Set down the whole listing below exactly. The pictures stay out.

╭─ Data section

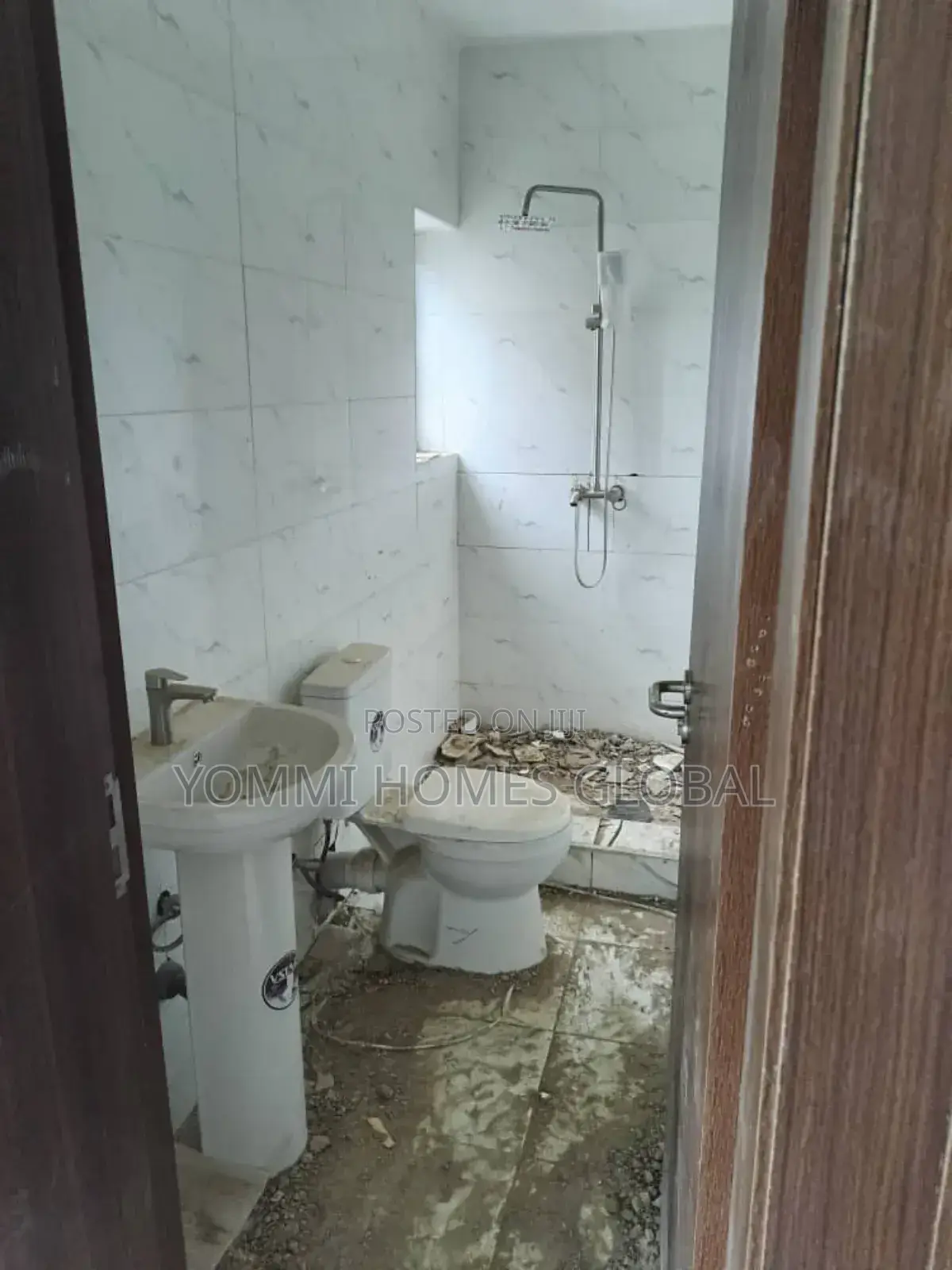 3bdrm Block of Flats in Wuye, Dakibiyu for rent
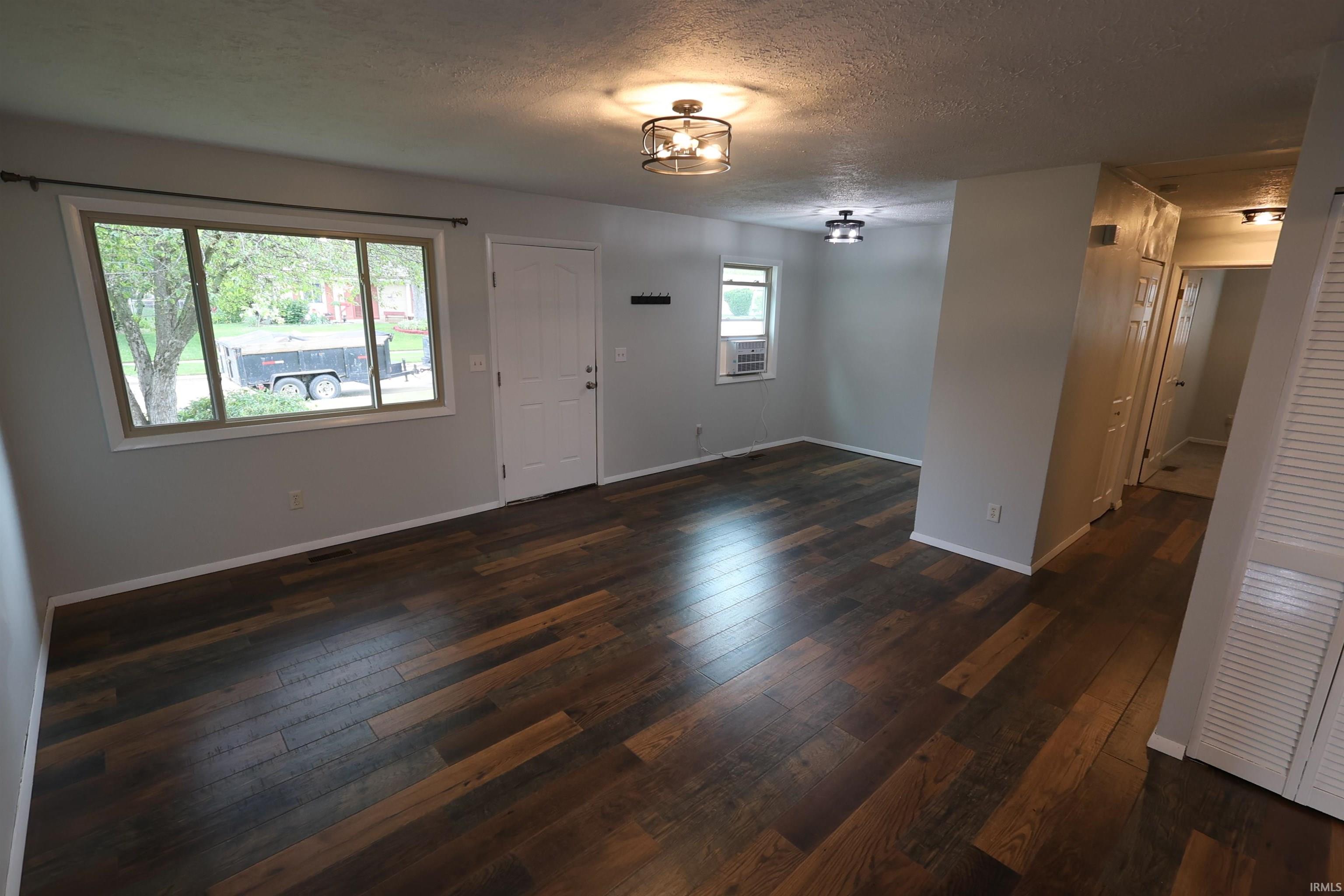 1940 Renfrew Drive South Bend IN 46614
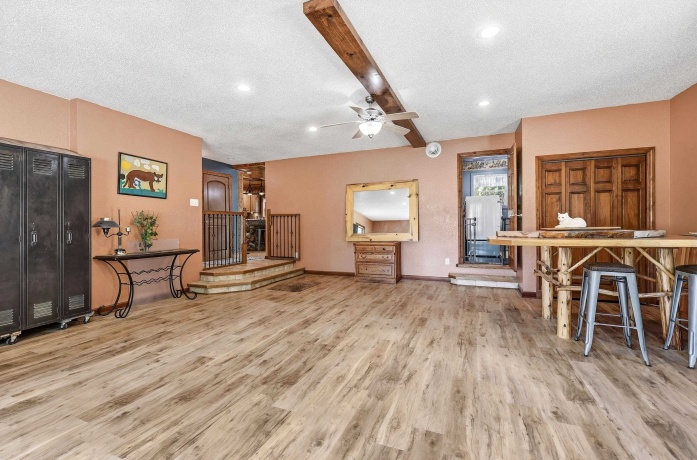 1763 St Catherine, BELLEVUE, Iowa 52031, 6 Bedrooms Bedrooms, ,4 BathroomsBathrooms,House,For Sale,St Catherine,202604989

╰─

Reply:
 3bdrm Block of Flats in Wuye, Dakibiyu for rent
 1940 Renfrew Drive South Bend IN 46614
 1763 St Catherine, BELLEVUE, Iowa 52031, 6 Bedrooms Bedrooms, ,4 BathroomsBathrooms,House,For Sale,St Catherine,202604989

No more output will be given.